Topics

Fast X-array rasterization

Philipp Kats
 

Hi! I am trying to produce a map using rasterio's rasterization and datashader, following this gist

It works perfectly well, when I rasterize all the features at once, into one 2d numpy array;
However, what I want now is to produce a "cube", having separate raster for each feature separately, with a corresponding value (say, number of category). Plan is then to perform aggregation - say, take moda, from this cube.

However, that takes a lot of time on my machine (~3 hours vs 30 sec for one raster map), so I wonder if there are any suggestions/hacks on how I can speed it up.

Thank you in advance! 



Brendan Ward
 

Hi Philipp,

How are you looping over each value to create a new raster?  Are you able to share a gist of what you are doing?

Philipp Kats
 

oh sure!
here is the link:

And indeed, I am using geoseries.apply, but it is pretty much the same as looping - and obviously converting N 2d rasters into 3d will take some time as well - so I wonder if
there is a better solution here...




On Mon, Sep 10, 2018 at 11:43 AM Brendan Ward <brendan.charles.ward@...> wrote:
Hi Philipp,

How are you looping over each value to create a new raster?  Are you able to share a gist of what you are doing?

Philipp Kats
 

So what I am trying to achieve in the end is the same as basic `rasterio.feature.rasterize`, but with more flexible aggregation strategies, like median, mean, percentile and std - currently it supports only `add` and `replace`.

Brendan Ward
 

I'm not entirely sure I follow what you are aiming for here yet.  Are you trying to aggregate across features per pixel to calculate various statistics?  Like, what is the average feature size of all features that intersect this pixel?

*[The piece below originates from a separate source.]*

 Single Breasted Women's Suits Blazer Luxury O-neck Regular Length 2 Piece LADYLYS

Thus if the first pixel has features 1, 2, 3, you want to calculate statistics on an attribute of those features?  And if the second pixel has only features 1 and 3, you'd do the same?  So your 3rd dimension, and your basis for statistics, is the set of features per pixel?

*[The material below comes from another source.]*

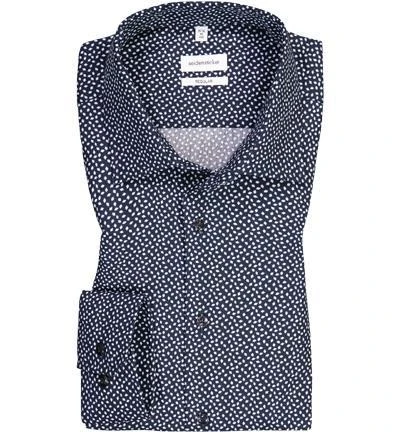 Seidensticker Hemd 153460/19 Regular Fit, Baumwolle, Dunkelblau-weiß gemustert, Dunkelblau 2 Seidensticker Hemd 153460/19 Regular Fit, Baumwolle, Dunkelblau-weiß gemustert, Dunkelblau – Bild 2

How many features do you have?  As written here, I'd expect the performance to be something like number of features * time to rasterize a single feature PLUS converting the data between formats on each iteration of the loop (i.e., from internal GDAL representation to numpy).  I'd recommend timing rasterization of a single feature and see how many features you have - it might be that 3 hours is perfectly normal for that number of features.

In contrast, when you do all features at once, you are doing the data format conversions only once.

Some ideas:
1) rasterize feature IDs (index w/in gdf) instead of a floating point like value.  This would let rasterize work on an unsigned integer dtype instead of float64 (theoretically resulting in a much smaller memory footprint and less I/O during data format conversion).
This will make it so that you only have to rasterize once, but then can use gdf to create arrays on the fly by looking up feature ID to the attribute you want.

2) rasterize onto the smallest possible array for each feature.  The idea is that you figure out your target array dimensions, then calculate a "window" within that covered by the feature's bounds.  Then rasterize that smaller window; it will be a bit more efficient because you reduce the size of the arrays that need to be converted.  Then you paste the result of rasterization into your target array.  You'll have to keep the transforms aligned so that the windowed rasterization can be directly pasted into the target.  The performance gains (if any) are likely limited to those cases where your features individually only cover small areas of the target.

3) do some profiling / timing of individual operations - see if you can find those things that are taking the most time.  I'd be interested in seeing where your code is spending most of its time.

Philipp Kats
 

Hi Brendan,

Thanks! 
Indeed, that what I am trying to achieve. and your hint to ints is great! In fact, I could boil it down to store binary masks - feature id would be stored in the Z dimension itself, and all pixels on one layer will likely have the same shared feature-based value after all. Moreover, this way I could calculate this 3d shape once - and then lookup values and perform computations on this cube for any feature's property I want. So this will definitely boost my computations by a lot.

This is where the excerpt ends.